Hacker News new | ask | show | jobs
by sasa555 3429 days ago
It is possible to start external processes from BEAM and interact with them. I've blogged a bit about it at http://theerlangelist.com/article/outside_elixir

You can also write NIFs (native implemented functions) which run in BEAM process (see http://andrealeopardi.com/posts/using-c-from-elixir-with-nif...). The latter option should be the last resort though, because it can violate safety guarantees of BEAM, in particular fault-tolerance and fair scheduling.

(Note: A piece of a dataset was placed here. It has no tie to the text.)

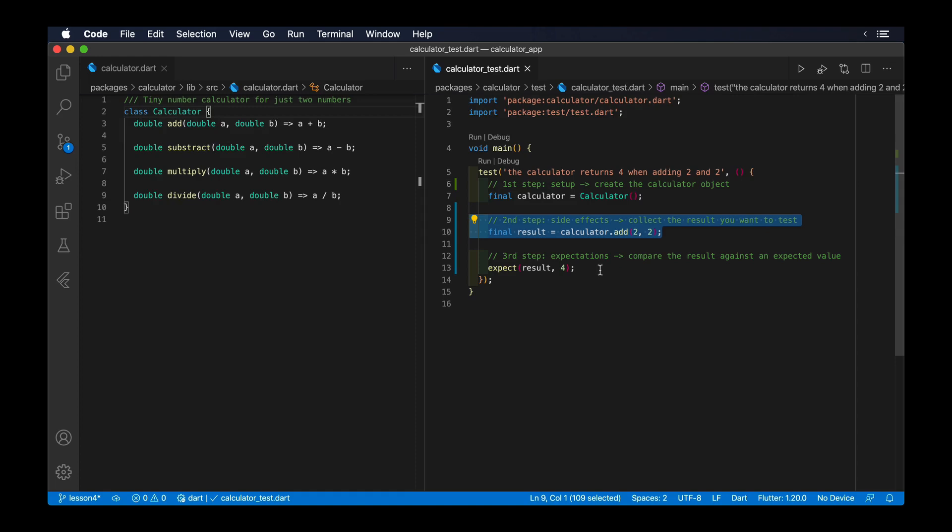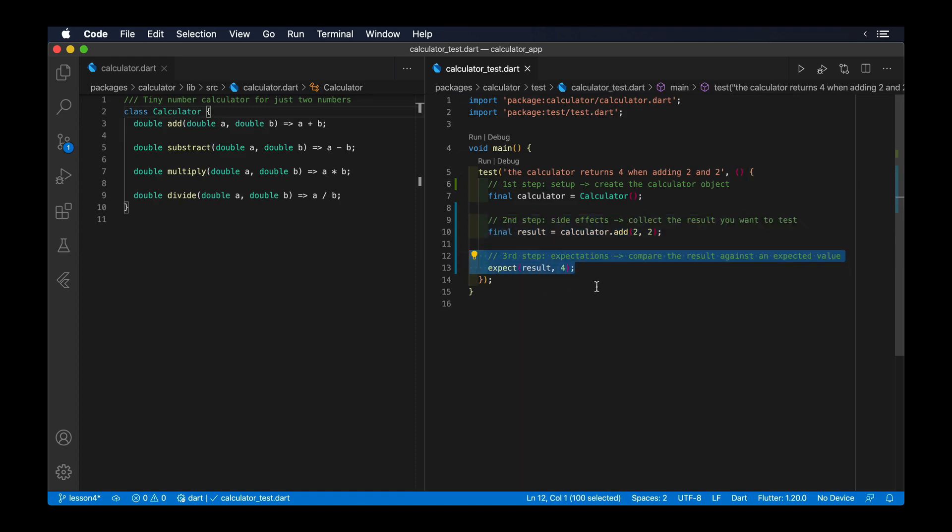Finally, the last part of a test should be the expectation phase. That is, validating the result collected during the side effects phase and comparing that result against an expected, predefined result. In the case of the calculator, this means asserting that executing 2 plus 2 always returns 4.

So using BEAM facing language as a "controller plane" while resorting to other languages in special cases is definitely a viable option.

2 comments

I spent 30 minutes looking at NIF, but I was scared away. My understanding is that if the NIF crashes then BEAM crashes. Which leads me to think that if you need NIF then you need safety guarantees on the Native side that C can't provide.
Think of NIFs as Erlang's equivalent to Rust's unsafe{} blocks. It's where you write the implementations of library functions that make system calls, and the like. But, like unsafe{} blocks, you do as little as possible within them.

For example, if you want to call some C API from Erlang where the C API takes a struct and returns a struct, you'll want to actually populate the request struct--and parse the return struct--on the Erlang side, using binary pattern matching. The C code should just take the buffer from enif_get_binary, cast it into the req struct, make the call, cast the result back to a buffer and pass it to enif_make_binary(), and then return that binary. No C "logic" that could be potentially screwed up. Just glue to let Erlang talk to a function it couldn't otherwise talk to. Erlang is the one doing the talking.

On the other hand, if you have a big, fat library of C code, and you want to expose it all to Erlang? Yeah, that's not what NIFs are for. (Port drivers can do that, but you're about the right amount of terrified of them here: they're for special occasions, like OpenSSL.)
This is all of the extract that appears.